Albertsons confirmed that its cash generation picture continued to be positive. Cash flow from operations for the quarter totalled US$564m and debt was reduced by US$87m. Over the past four quarters the company has reduced debt by US$869m. During the quarter, free cash flow net of capital expenditures and dividends totalled US$335m, up 68% year on year.
The firm recorded a nonrecurring pre-tax charge during the quarter to cover the cost of its Phase Two restructuring driven by several major market exits. Phase Two restructuring activities are now expected to generate US$320m in net positive cash flow. In addition, a charge of US$19m was reflected in continuing operations for restructuring and other period costs directly related to the Phase One July 2001 restructuring. The net loss reported for the quarter, including discontinued operations, restructuring and other charges, totalled US$81m, compared to a net income of US$186m in the Q1 2001.
The company reported Q1 SG&A on continuing operations of 23.71%, slightly up year on year.
Peter Lynch, president and chief operating officer, said that restructuring activities resulted in the closing of 102 supermarkets, 28 drugstores and 27 fuel centers. New capital deployment activities yielded 50 remodelled stores while adding 14 combination food and drug stores, ten drugstores, and ten fuel centers. The company finished the quarter with 2,315 retail stores and total retail space of over 92.8 millionft².
Lynch commented: "We are now deploying our capital resources in a much more focused and strategic manner. This is allowing us to concentrate on markets where we already hold strong share positions or see a path to future market leadership. In addition, we are increasingly utilising our proprietary dual-branded combo store format to begin building a much stronger food and drug presence that delivers a better return on invested capital."
Johnston added: "I am extremely proud of our associates for all the efforts they have put forth in the successful execution of our major restructuring projects.

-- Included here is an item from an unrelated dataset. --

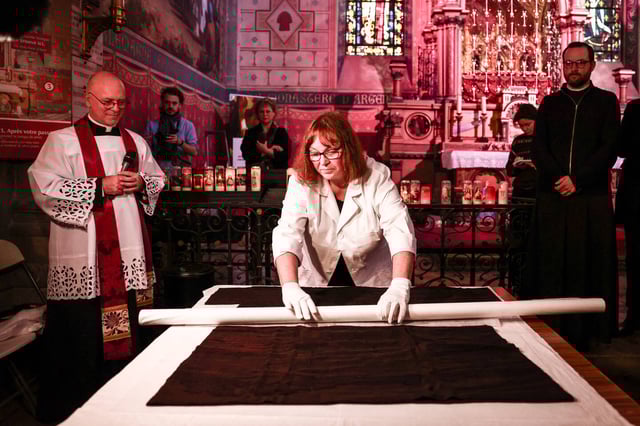 La restauratrice française Claire Beugnot (au centre) déballe la Sainte Tunique, à Argenteuil, le mercredi 16 avril 2025.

"This is a major milestone in our restructuring. Albertsons is now solidly positioned to begin unlocking even more value for our shareowners as we are able to concentrate fully on strategic markets of choice."
Johnston confidently noted that for the fiscal year 2002, Albertsons now expects earnings per share from continuing operations of US$2.31, up 12% from prior year. For the Q2, on a continuing operations basis he predicted that the company will deliver at least US$0.53 per diluted share, up 13% from prior year.